_Material for this task_
........
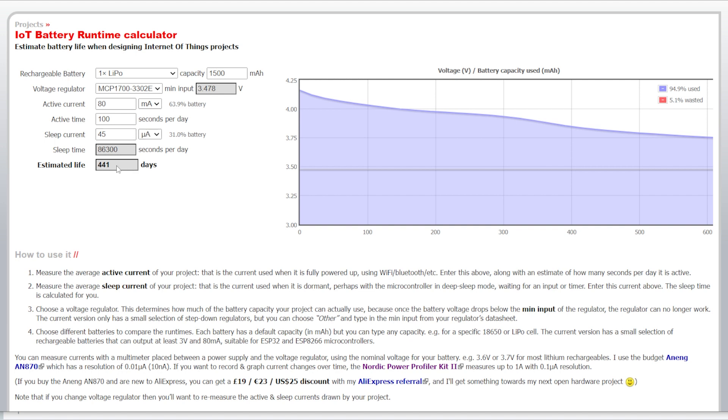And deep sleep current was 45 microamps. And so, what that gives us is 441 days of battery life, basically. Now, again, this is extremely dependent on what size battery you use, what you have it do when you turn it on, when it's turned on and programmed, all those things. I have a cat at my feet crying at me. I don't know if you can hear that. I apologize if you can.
........
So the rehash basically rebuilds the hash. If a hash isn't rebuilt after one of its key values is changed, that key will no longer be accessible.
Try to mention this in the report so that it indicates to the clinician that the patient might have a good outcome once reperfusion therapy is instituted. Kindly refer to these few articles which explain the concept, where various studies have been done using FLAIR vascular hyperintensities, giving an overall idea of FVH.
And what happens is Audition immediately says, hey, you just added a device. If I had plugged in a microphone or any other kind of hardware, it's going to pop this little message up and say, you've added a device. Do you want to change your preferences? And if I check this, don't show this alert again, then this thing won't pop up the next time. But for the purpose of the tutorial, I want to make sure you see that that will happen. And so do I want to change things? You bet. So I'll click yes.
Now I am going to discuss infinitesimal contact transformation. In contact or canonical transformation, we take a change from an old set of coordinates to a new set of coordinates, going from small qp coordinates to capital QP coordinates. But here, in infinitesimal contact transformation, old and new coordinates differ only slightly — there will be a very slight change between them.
........
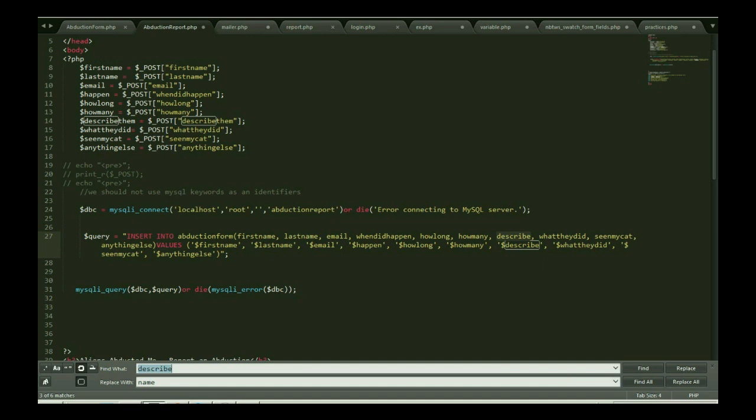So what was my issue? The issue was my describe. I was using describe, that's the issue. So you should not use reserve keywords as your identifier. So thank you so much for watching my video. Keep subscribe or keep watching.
........
_Requirement_
If a line of the material contains the string "going", count it; give only the total.

_Written answer_
2